Roullier-Gall Chloé, Signoret Julie, Hemmler Daniel, Witting Michael A, Kanawati Basem, Schäfer Bernhard, Gougeon Régis D, Schmitt-Kopplin Philippe
Comprehensive Foodomics Platform, Technische Universität München, Freising, Germany.
Research Unit Analytical BioGeoChemistry, Department of Environmental Sciences, Helmholtz Zentrum München, Neuherberg, Germany.
Front Chem. 2018 Feb 22;6:29. doi: 10.3389/fchem.2018.00029. eCollection 2018.

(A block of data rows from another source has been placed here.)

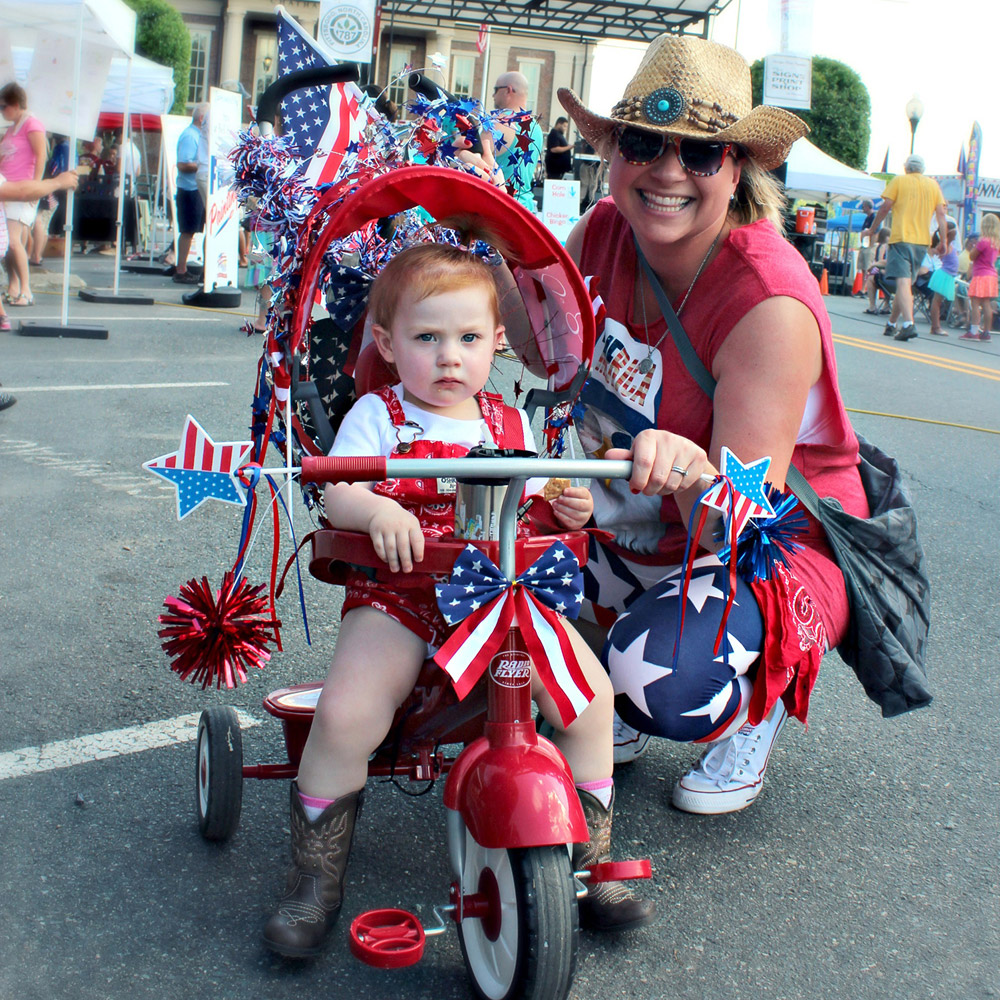 Summer Fest: Pittsboro, NC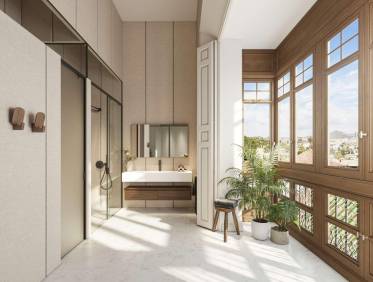 Nieuwbouw - Appartement - Malaga - El Limonar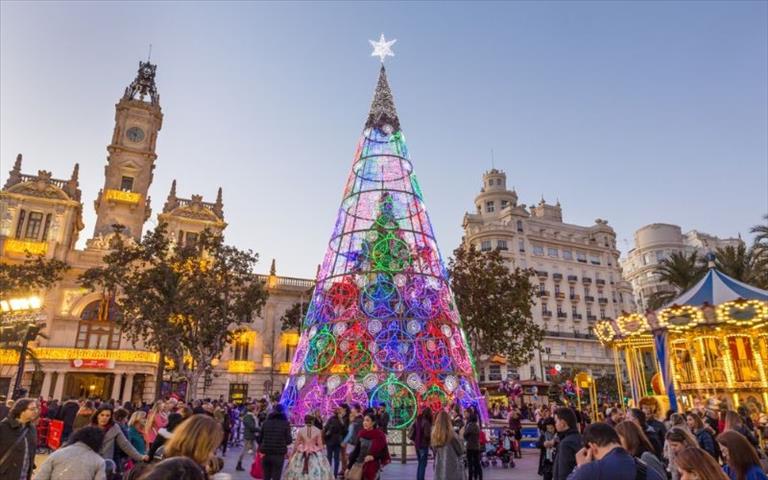 The 5 best Christmas plans in Valencia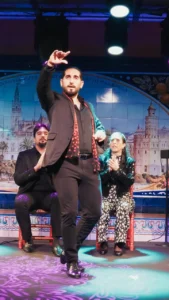 Tablao Flamenco Casa Inquieta | Tablaos Flamencos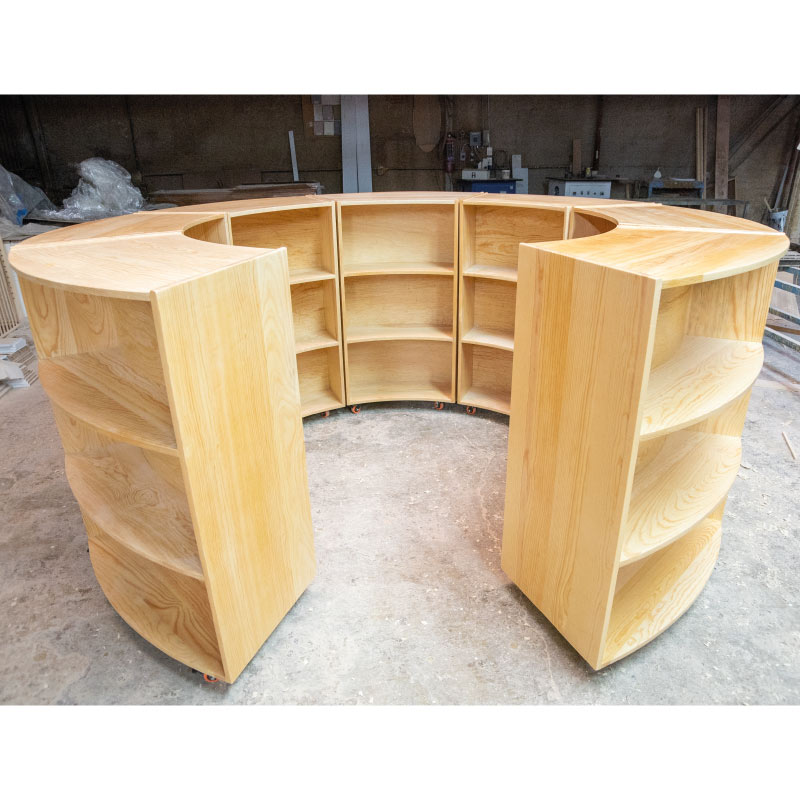 biblioteca para escuela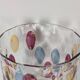 Bohemian crystal vase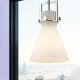 A thumbnail of the Innovations Lighting 411-1SM-14-10 Newton Cone Pendant Alternate Image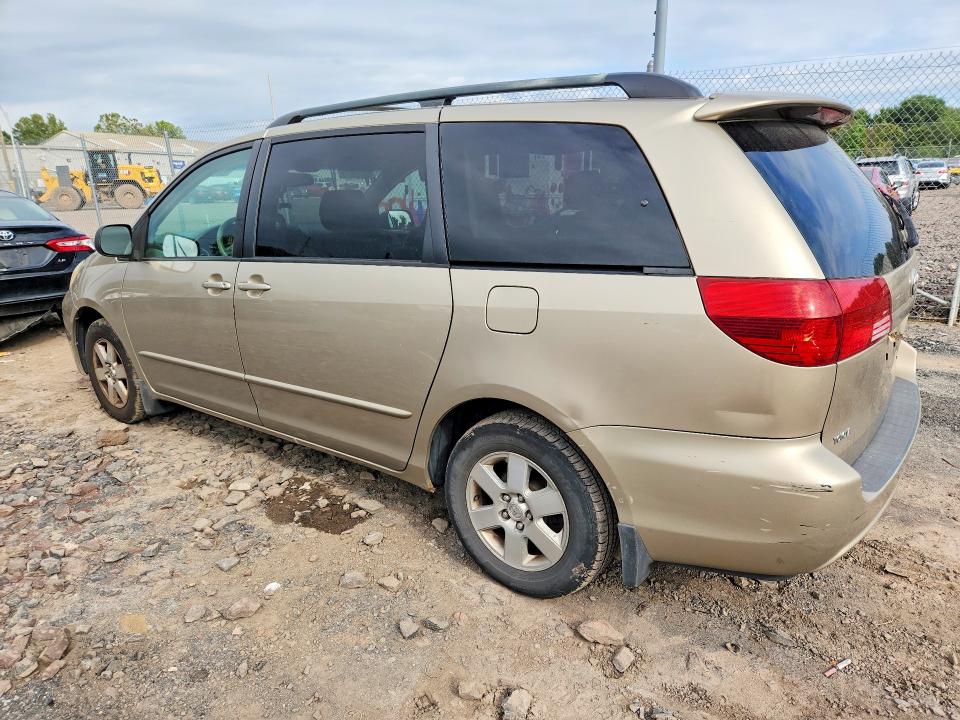 69427336 :رقم المزاد ، 5TDZA23C54S127545 vin ، 2004 Toyota Sienna مزاد بيع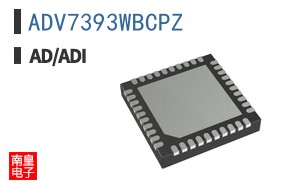 ADV7393WBCPZ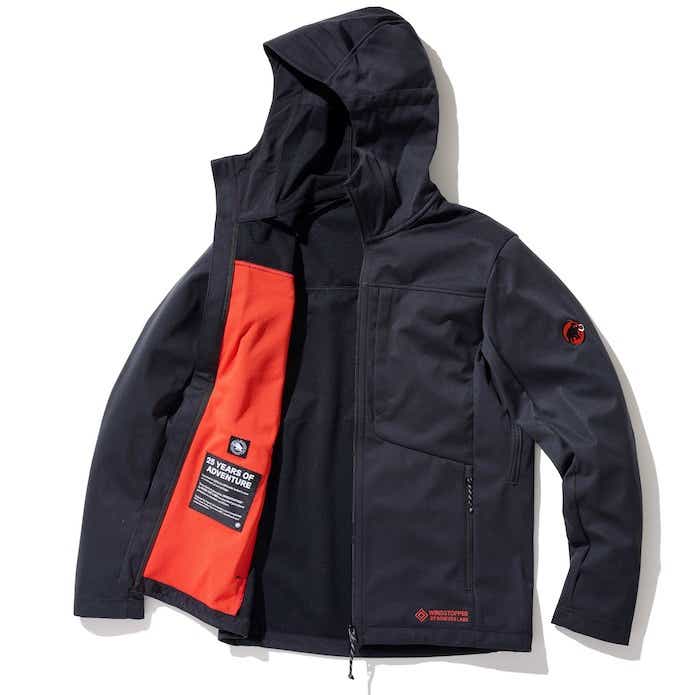 黒×赤の最高タッグ」“マムート名作”が25周年で復刻。機能もデザインも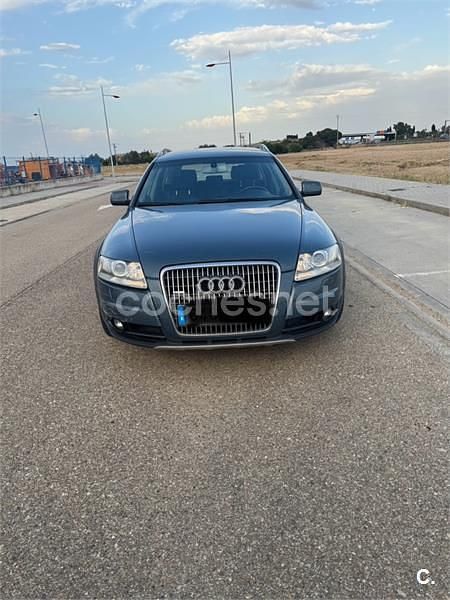 Azul Usado 2007 Audi A6 Familiar | 3500 € (Super precio) - Imagen 1/4
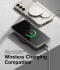 Ringke Fusion Magnetic Samsung Galaxy S23 Hoesje MagSafe Transparant afbeelding 10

Whisky can be described as a complex matrix integrating the chemical history from the fermented cereals, the wooden barrels, the specific distillery processes, aging, and environmental factors. In this study, using Fourier transform ion cyclotron resonance mass spectrometry (FT-ICR-MS) and liquid chromatography coupled with tandem mass spectrometry (LC-MS/MS), we analyzed 150 whisky samples from 49 different distilleries, 7 countries, and ranging from 1 day new make spirit to 43 years of maturation with different types of barrel. Chemometrics revealed the unexpected impact of the wood history on the distillate's composition during barrel aging, regardless of the whisky origin. Flavonols, oligolignols, and fatty acids are examples of important chemical signatures for Bourbon casks, whereas a high number of polyphenol glycosides, including for instance quercetin-glucuronide or myricetin-glucoside as potential candidates, and carbohydrates would discriminate Sherry casks. However, the comparison of barrel aged rums and whiskies revealed specific signatures, highlighting the importance of the initial composition of the distillate and the distillery processes.
威士忌可以被描述为一个复杂的基质,它整合了来自发酵谷物、木桶、特定蒸馏工艺、陈酿以及环境因素的化学历史。在本研究中,我们使用傅里叶变换离子回旋共振质谱(FT-ICR-MS)和液相色谱-串联质谱(LC-MS/MS),分析了来自7个国家49家不同蒸馏厂的150个威士忌样品,这些样品涵盖了从1天新酿原酒到43年不同类型木桶陈酿的威士忌。化学计量学揭示了木桶陈酿过程中木材历史对馏出物成分产生的意外影响,而与威士忌的产地无关。黄酮醇、低聚木酚和脂肪酸是波本桶的重要化学特征实例,而大量的多酚糖苷,例如潜在候选物槲皮素-葡萄糖醛酸或杨梅素-葡萄糖苷,以及碳水化合物则是雪莉桶的鉴别特征。然而,桶陈朗姆酒和威士忌的比较揭示了特定的特征,突出了馏出物初始成分和蒸馏工艺的重要性。